▶ Exercise prompt
From the entries below, reproduce exactly the line containing "10966 W 33rd Way, Hialeah FL 33018", the line containing "2021 Jeep Compass", and every line in between, with nothing added.

▶ Data excerpts
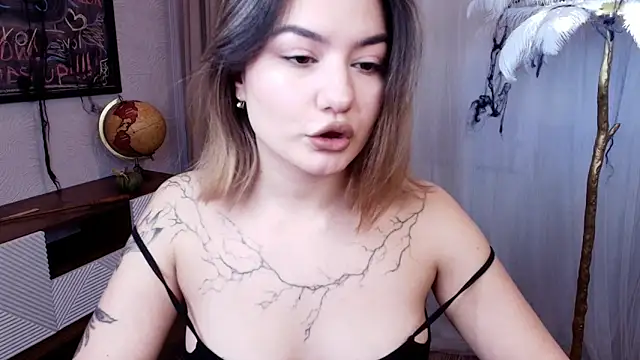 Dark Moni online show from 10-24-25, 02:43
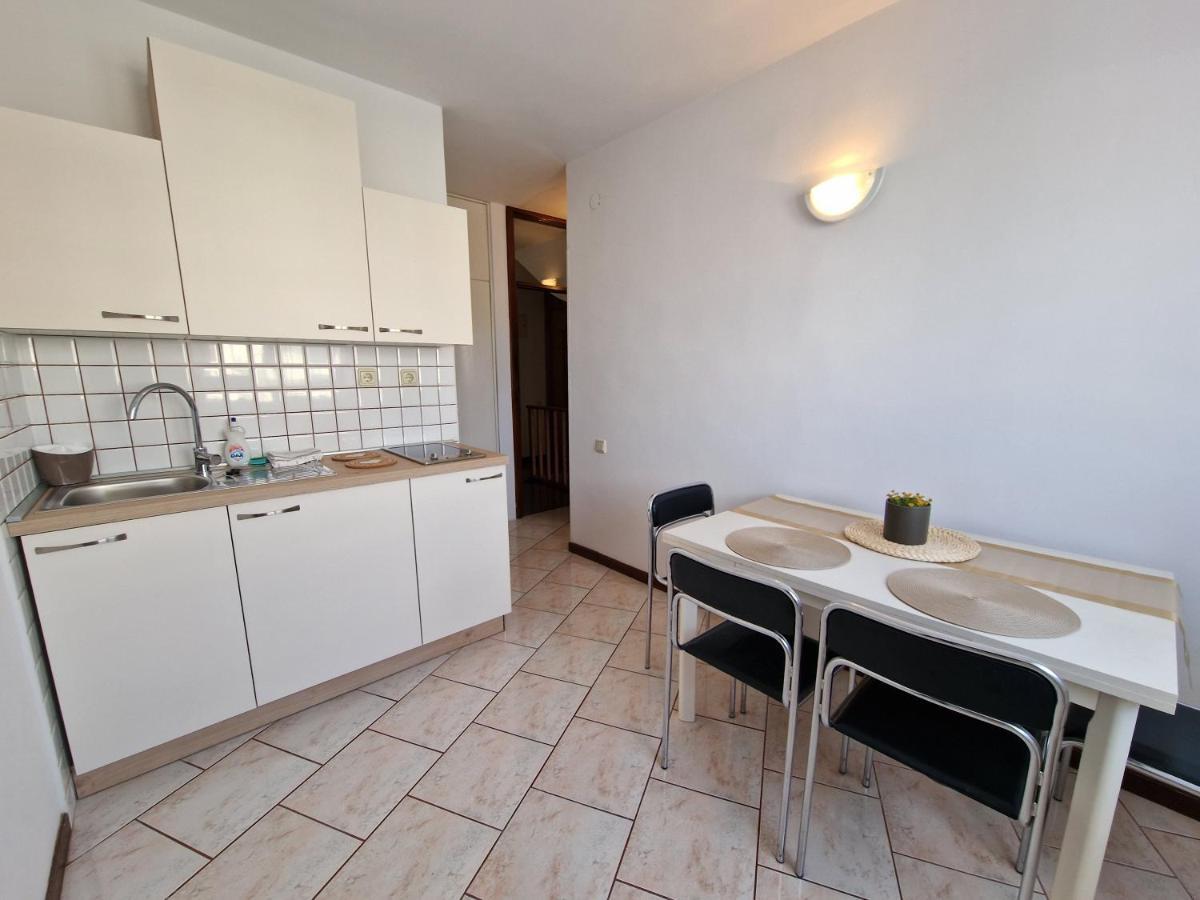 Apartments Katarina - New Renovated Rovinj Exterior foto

--

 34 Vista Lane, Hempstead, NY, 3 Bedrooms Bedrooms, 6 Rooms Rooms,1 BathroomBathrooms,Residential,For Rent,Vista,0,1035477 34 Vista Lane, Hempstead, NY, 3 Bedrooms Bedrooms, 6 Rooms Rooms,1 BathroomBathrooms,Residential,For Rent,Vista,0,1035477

--

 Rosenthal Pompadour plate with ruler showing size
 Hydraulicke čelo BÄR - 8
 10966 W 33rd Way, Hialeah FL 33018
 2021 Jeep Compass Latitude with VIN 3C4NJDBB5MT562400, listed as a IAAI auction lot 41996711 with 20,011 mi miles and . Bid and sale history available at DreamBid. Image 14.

▶ Response to the task
 10966 W 33rd Way, Hialeah FL 33018
 2021 Jeep Compass Latitude with VIN 3C4NJDBB5MT562400, listed as a IAAI auction lot 41996711 with 20,011 mi miles and . Bid and sale history available at DreamBid. Image 14.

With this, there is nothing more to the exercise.